But they don’t make shows people want to watch any more. Live action Mulan could have been awesome! But they destroyed the themes of family honor and removed the music and comedy.

Pander fatigue is real. I’ve got kids but I’m letting my Disney sub lapse. Anime is way better than the schlock Disney puts out.

3 comments

The streamers make some shows that some people want to watch.

Netflix’s report, first of its kind, showed 20 titles that you will have never heard of unless you use TikTok.

Most people are watching the shows most other people are watching, it’s memetic. People want to feel like they’re a part of something; that is they’re are willing to pay $20/mo in Fear of Missing Out.

Nobody has FOMO for old Disney content. The largest expense for Netflix is creating content, all the shows in that report were from 2022 and 2023.

The kicker is that it’s the opposite of the top of the Steam charts, indicating how bad of a business the streamers are in. Those games are most free and have been around for a long time, sometimes decades.

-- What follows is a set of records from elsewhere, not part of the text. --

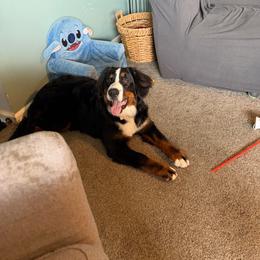 Mera - Bernese Mountain Dog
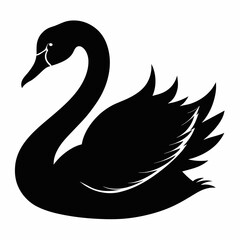 black swan vector illustration
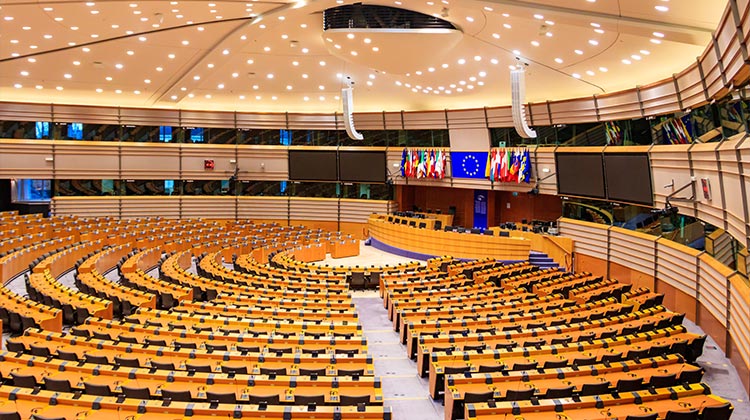 Immagine Approfondimento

Both games and TV/movies were threatened by piracy. Yet the result for TV/movies was wildly undercharging for the stuff people were pirating - giving away the old catalogue content on the premise they were competing with $0, simultaneously ceasing to monetize their pay to play audience. Huge mistake: they should have wildly increased enforcement, which would have been much much cheaper and effective. TV/movies just do not have enough secular ways to innovate like games do to completely supplant piracy from a technological and social perspective.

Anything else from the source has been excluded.